While no more inspired than any other Scripture, Psalms 23 is, indeed, one of its crown jewels. “Using common ancient near-eastern images,” writes one expositor, “David progressively unveils his personal relationship with the LORD.” David refers to the LORD as his Shepherd (Jehovah-Rā‘â,), and then in beautiful poetry speaks of what he receives from his Shepherd: protection (Psa_23:1-4), provision (Psa_23:5), and permanence (Psa_23:6).
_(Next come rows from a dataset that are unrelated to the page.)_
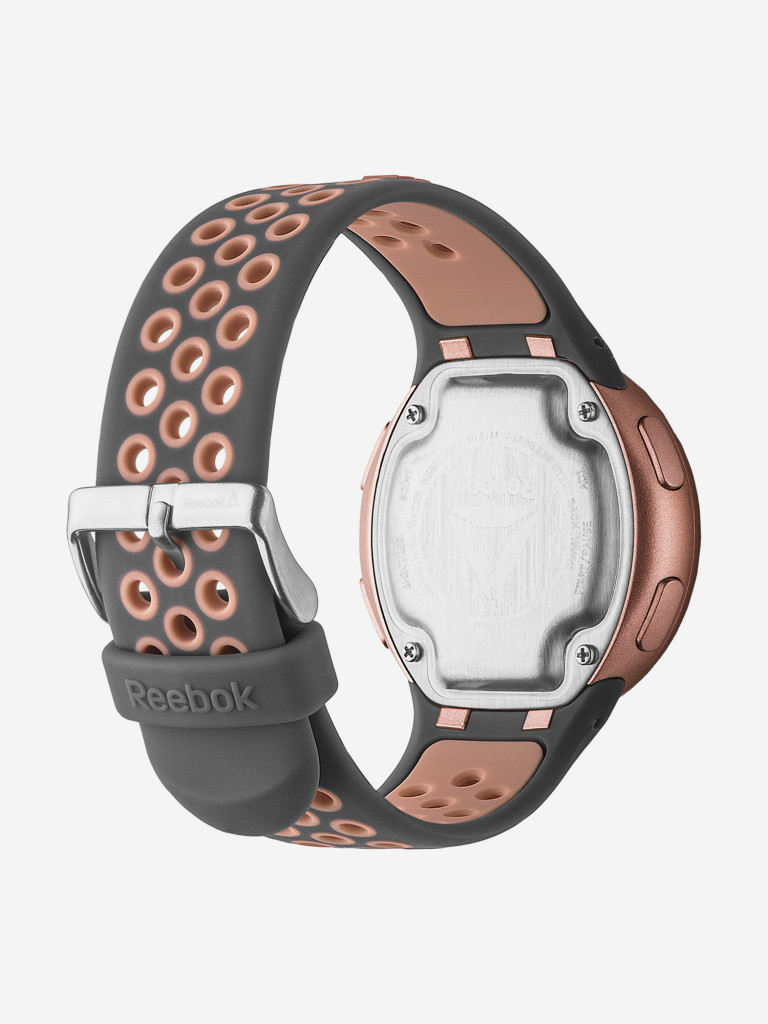 Часы Reebok RD-DUR-G9-PSIA-B3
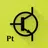 Eletrônica Português APK
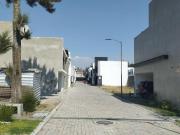 Casa en Venta cerca de Plaza San Diego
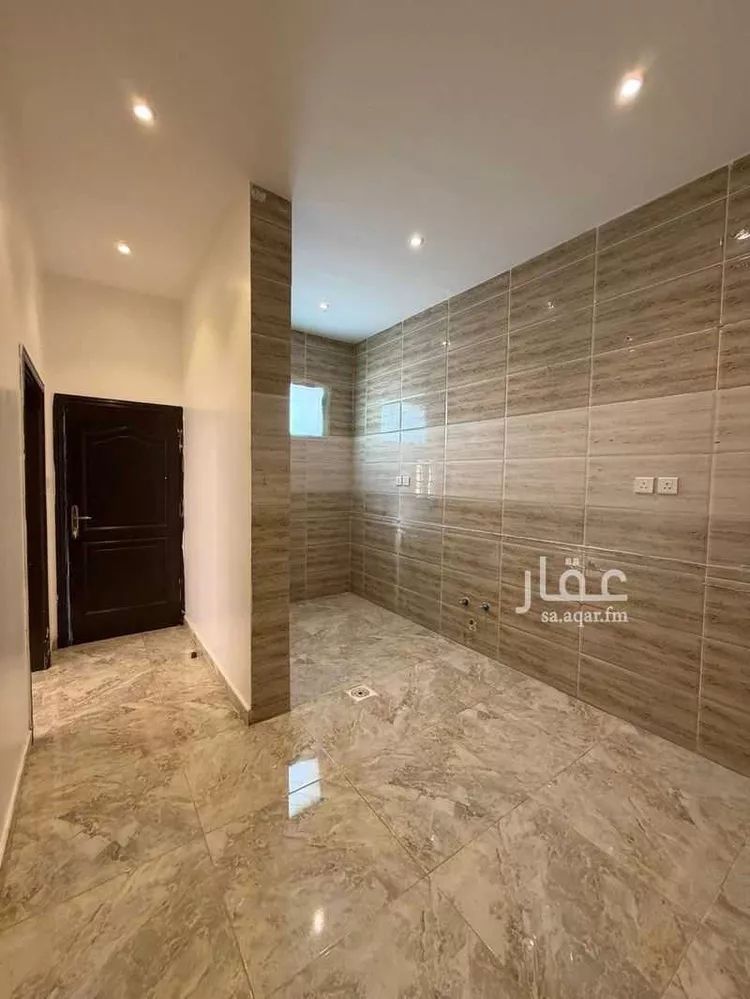 فيلا للإيجار في شارع ابن شرف النووي, حي الشراع, مدينة جدة, منطقة مكة المكرمة صورة 2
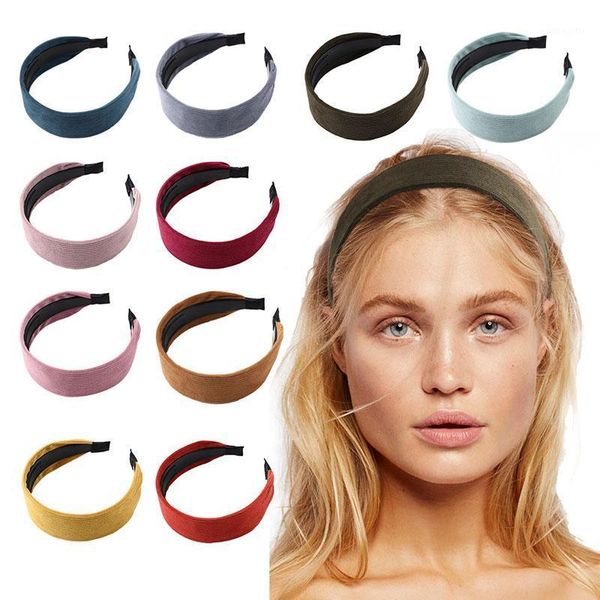 soft hairband solid color headband for women lady wide brimmed head hoop striped corduroy girls wrap hair accessories1
soft hairband solid color headband for women lady wide brimmed head hoop striped corduroy girls wrap hair accessories1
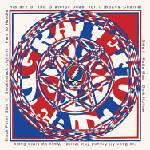The Grateful Dead - History Of The Grateful Dead, Volume One (Bear's Choice ) (Anniversary) (Remastered) (180 g) (LP) (0603497835492)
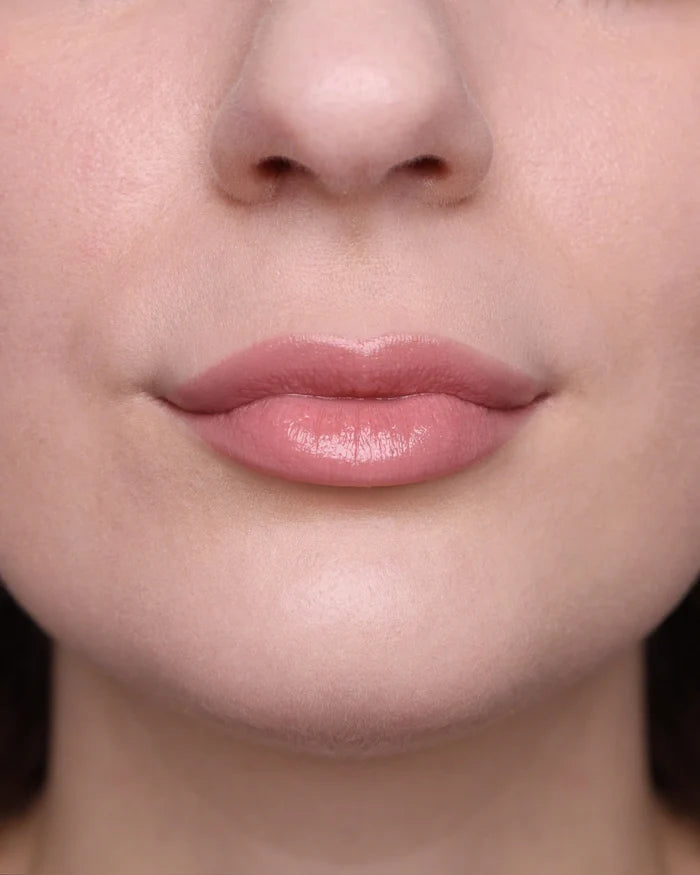 TWIST & GO - NOURISHING LIPSTICK PENCIL n. 501 - Universal Pink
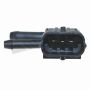 Walker Products 274-1006 Walker Products 274-1006 Exhaust Gas Recirculation Valve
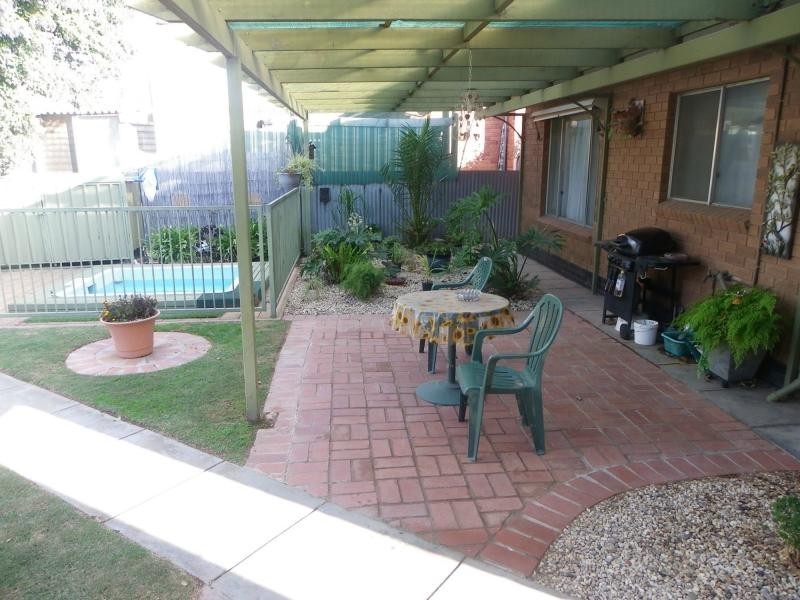 Cobram VIC 3644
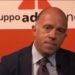 Salute, dermatologo Paro Vidolin: “Social utile per informazione a giovani e anziani”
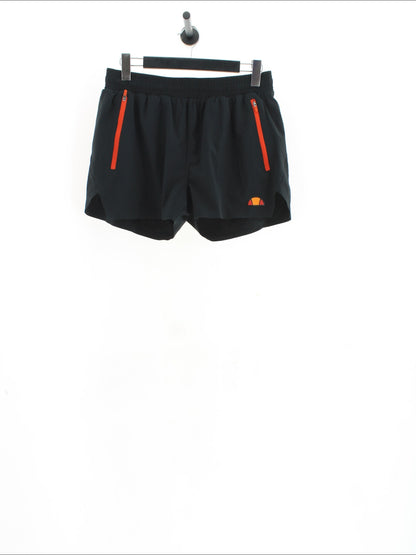 Spodenki Ellesse Rozmiar: 44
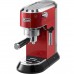 Кофемашина Delonghi EC 685.R Кофемашина Delonghi EC 685.R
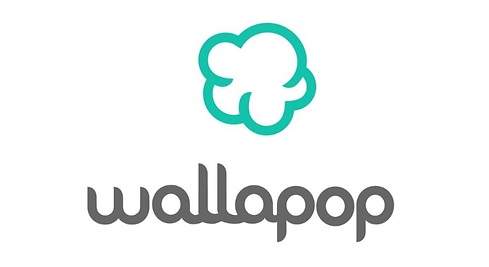 Contacto Wallapop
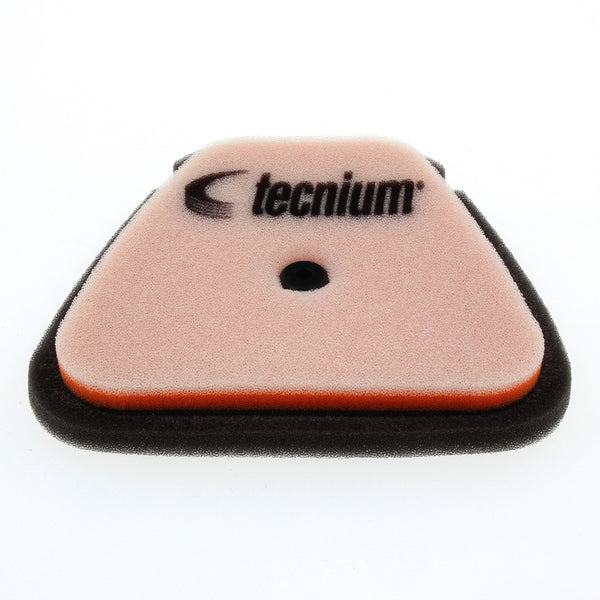 TECNIUM Air Filter 3 Layers Fire Resistant - 5370 1104001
Let us consider the nameDavid. While the etymology is uncertain, it is commonly believed that Dāwiḏ (H1732) is derived from the root dôḏ (H1730), meaning “beloved, loved one, and even uncle” (e.g., Lev_20:20). Most of its fifty-eight occurrences refer to “the beloved” in Song of Solomon. As David prefigures Messiah (Eze_34:23-24; Eze_37:24-25; Hos_3:5; Jer_30:9), who in turn was spoken of as the Father’s “beloved Son” (Mat_3:17), this etymology seems at least possible.

While there is much detail about this pivotal character—his name appears more than 1,000 times—we can briefly summarize David with seven words:

(1) Son. The youngest of eight brothers, David was the son of Jesse of Bethlehem, grandson of Ruth and Boaz, tracing his heritage back to Abraham and then forward to Messiah (Mat_1:1-17). Anointed secretly by Samuel as the next king (1Sa_16:1-13), this young man was infused with the Spirit and destined for true greatness. (2) Shepherd. Oh, the lessons he learned as a shepherd! Courage, compassion, care, and much more helped mold a leader. (3) Singer. A musician and poet without equal, David penned most of the Psalms, providing unprecedented praise to God. (4) Soldier. Facing Goliath in his youth and later entire armies, David was a true warrior who received his power from God. (5) Sovereign. In a forty-year reign (1010–970 BC), the Hebrew nation reached the peak of its unity and power under King David’s leadership. (6) Sinner. As no one is perfect, David fell into sin, the most grievous of which was adultery with Bathsheba and the murder of Uriah. The consequences of sin are great, and untold misery came to David’s household. (7) Savior. Not David himself, of course, but the “Son of David,” Jesus Christ, who would save His people from their sins and sit on David’s throne.

Scriptures for Study:Read Psalms 51, David’s great psalm of repentance.